Court urged to expand president’s consumer-bureau control
President Donald Trump’s administration has urged the U.S. Supreme Court to give the president more control over the Consumer Financial Protection Bureau, the agency that regulates mortgages and credit cards.
Asking the court to take up a pending appeal, administration lawyers said the Constitution requires that the president be allowed to fire the agency’s director for any reason. The 2010 law that set up the bureau says the director can be removed only for “inefficiency, neglect of duty, or malfeasance in office.”
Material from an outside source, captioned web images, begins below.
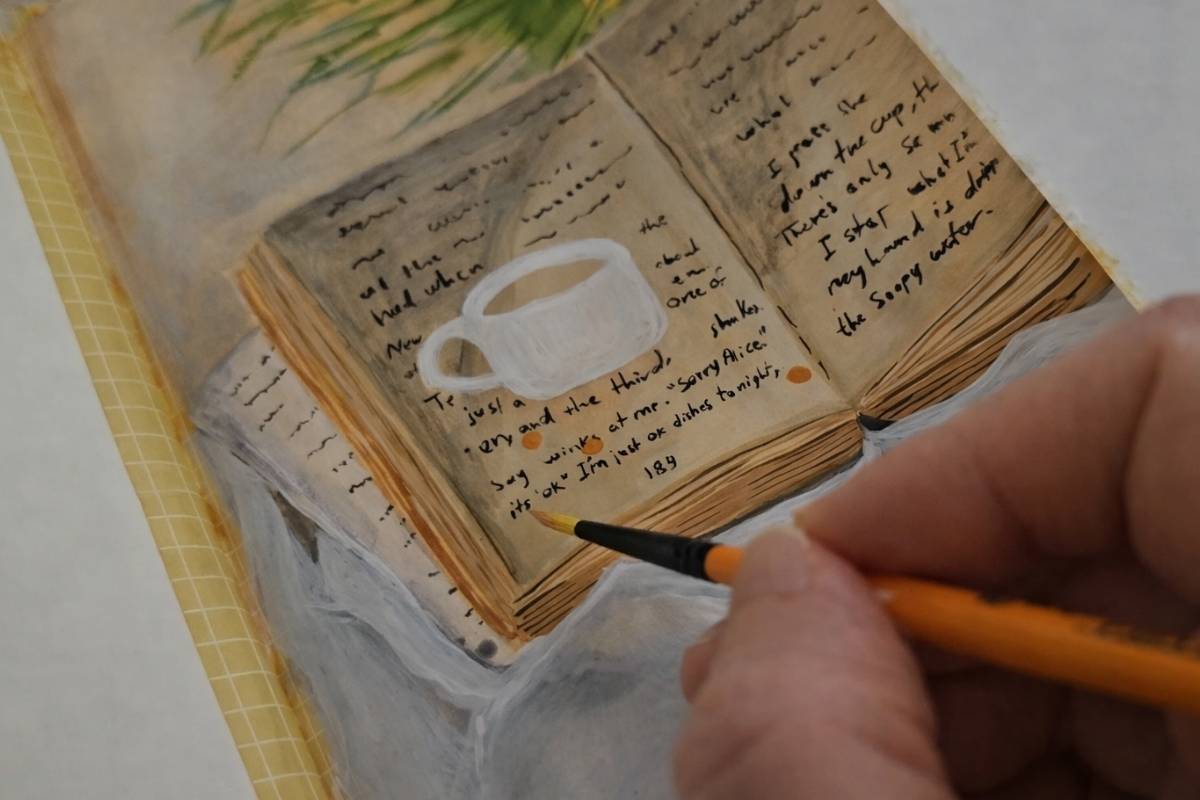 How to Get a Clean, Bright Daisy Look With Gouache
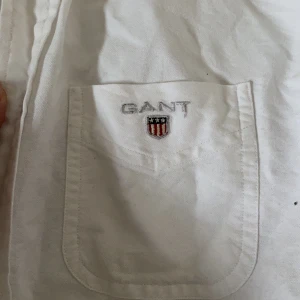 Skjorta  - En gant skjorta i barn storlek L. Kan mötas upp i Stockholm eller fraktas.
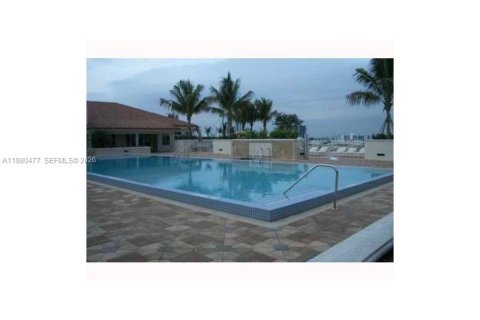 Купить кондоминиум в Авентура, Флорида 3 спальни, 139.35м2, № 2043517 - фото 8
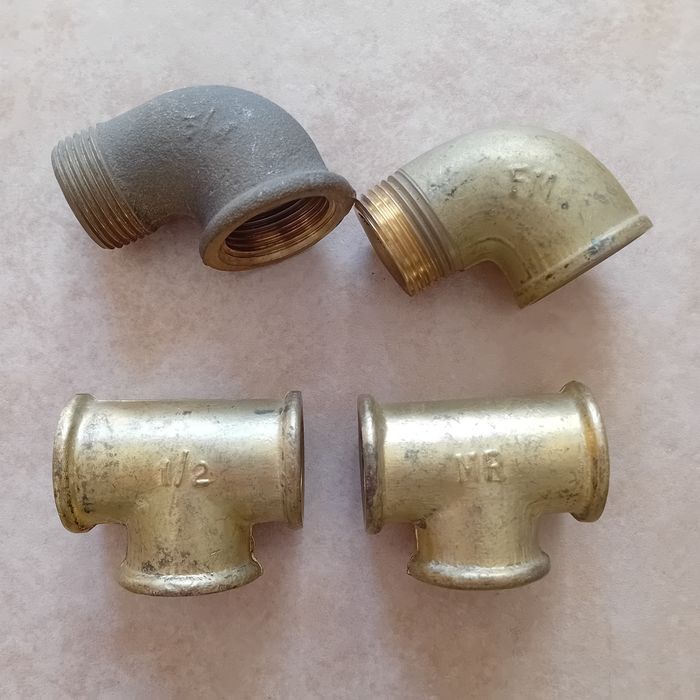 Material de canalização latão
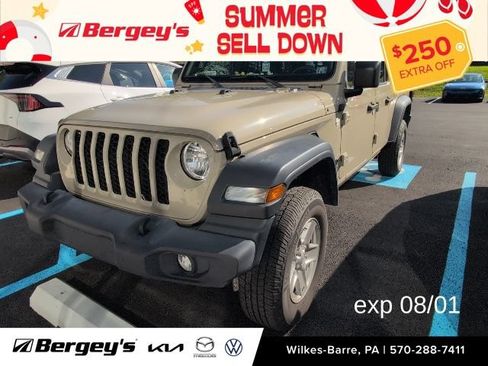 Used 2020 Jeep Gladiator Sport w/ Quick Order Package 24S AWD/4WD image 1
The administration’s position increases the chances the court will take up the issue in the nine-month term that starts in October. If the court takes the case, then a ruling will come by June.
The filing was a response to an appeal by Seila Law, a California law firm being investigated by the bureau over its sales pitches to indebted consumers. The firm is arguing that the bureau was set up in violation of the constitutional separation of powers.
In a brief filed Tuesday, U.S. Solicitor General Noel Francisco agreed with the law firm that the bureau’s structure is unconstitutional. But Francisco said the court should leave the bureau intact, and his brief left open the possibility that the bureau could continue to press the investigation.
Francisco said the constitutional issue “has broad implications for the president’s ability to supervise the executive branch.”
The Consumer Financial Protection Bureau, set up in the wake of the 2008 financial crisis, regulates credit cards, auto loans and other consumer finance products. Supporters say its independence helps insulate it from political pressures.
During most of Trump’s first year as president, the bureau had a holdover director, Richard Cordray, who pressed an aggressive regulatory agenda. Cordray, a Democrat, stepped down in November 2017 to begin an unsuccessful campaign for governor of Ohio.
The current director, Kathy Kraninger, is a Trump appointee who was confirmed by the Senate in December 2018 without any Democratic support.